Bitcoin has taken a bit of a beating recently. Since reaching an all-time high in early October, the OG cryptocurrency has lost about a quarter of it’s value and the overall crypto market is down about a trillion dollars.
Until recently, 2025 was a banner year for crypto entering the economic mainstream. Crypto exchange Coinbase joined the S&P 500, Congress passed a law allowing major banks to play with stablecoins, and even crypto holdout JP Morgan announced it would allow clients to use Bitcoin as collateral for loans.
All of those connections between the real economy and the blockchain were happening mostly when crypto was on the upswing. So what happens now?
Longtime crypto investors, like Leigh Drogan at Starkiller Capital, are used to watching crypto prices fall off a cliff. But he said this most recent nosedive was different, because crypto had reached the top of the cliff just a second ago.
“It’s the ferocity of the reversion from a good momentum, new high, straight into basically a crash,” he said.
Bitcoin true believers will tell you the cryptocurrency will ultimately become digital gold — a safe store of value against inflation and rising national debt.
Well, we still have sticky inflation and a rising national debt, but right now investors are viewing Bitcoin less like gold and more like a risky tech stock.
“There are just a lot of different things coming together at the same time that are causing investors to be scared of risk assets in general, and crypto is the risk asset of all risk assets,” Drogen said.
For you non-crypto folks out there, I know what you’re thinking: What do I care if a bunch of crypto bros lose their Lamborghini savings fund?

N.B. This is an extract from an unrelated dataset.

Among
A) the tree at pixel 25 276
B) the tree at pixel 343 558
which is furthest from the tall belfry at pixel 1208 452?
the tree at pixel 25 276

Well if your 401(k) is invested in an index fund that tracks the general stock market, you probably own some stock in crypto companies.

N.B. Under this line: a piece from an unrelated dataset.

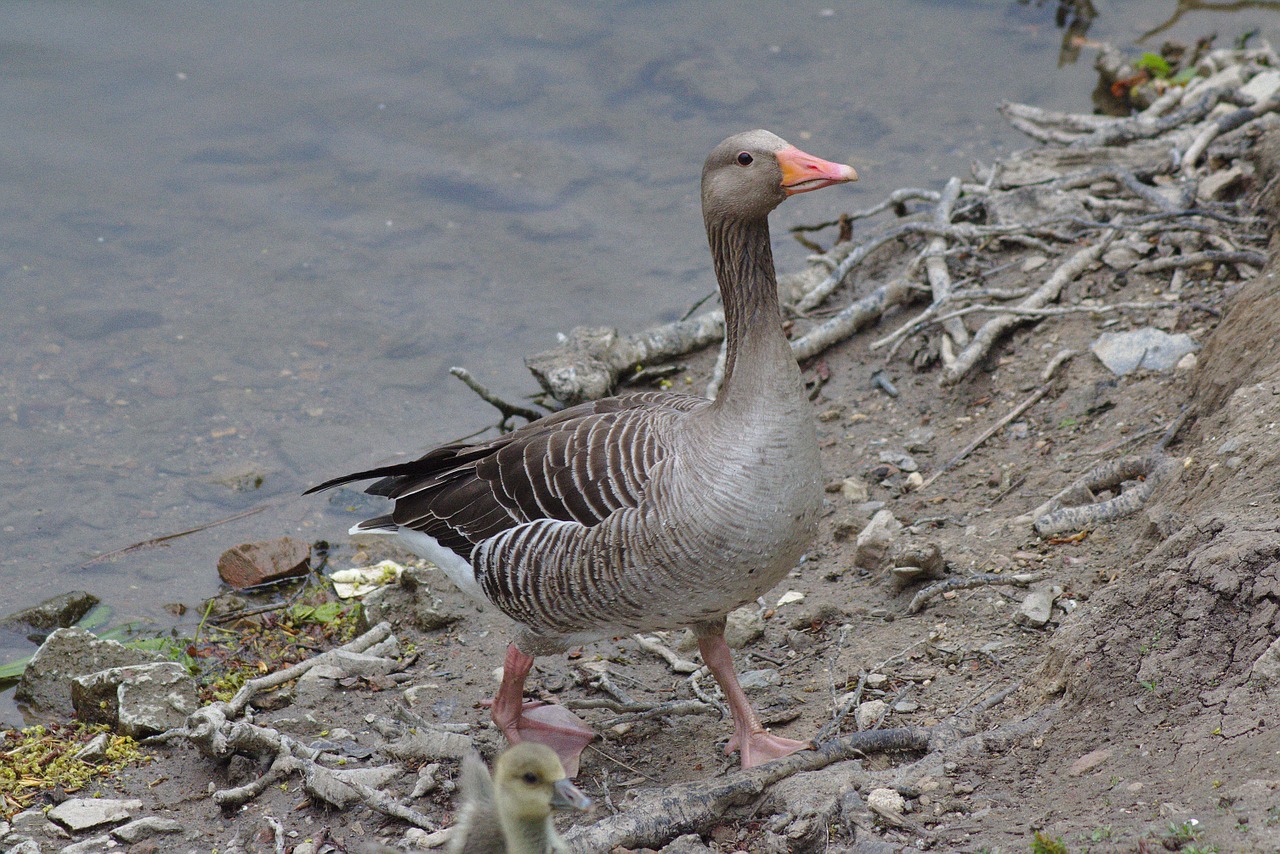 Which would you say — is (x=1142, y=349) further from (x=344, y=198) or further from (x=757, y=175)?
(x=344, y=198)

”If there’s a downturn in those parts of the markets, the equity markets, the crypto markets, there would be some knock-on effects on spending,” said Todd Baker, a lecturer at Columbia Law School.
And that could hurt the real economy.
Baker said he also worries about new rules from President Donald Trump allowing more banks and other financial actors to loan money for crypto investing.
“The question is contagion, and that that involves who’s providing leverage to whom in the overall system, and I think there’s very little transparency to that when it comes to crypto,” he said.
Even though prices might be down now, crypto enthusiasts say there will be more opportunities for everyday investors to get in on the action.
“I think it’s gonna be a crypto-ETF-palooza over the next year,” said Matt Hougan at Bitwise Asset Management. “The doors are open.”
ETF is short for exchange traded fund — basically an easy way for investors not fluent in the blockchain to put their money in crypto.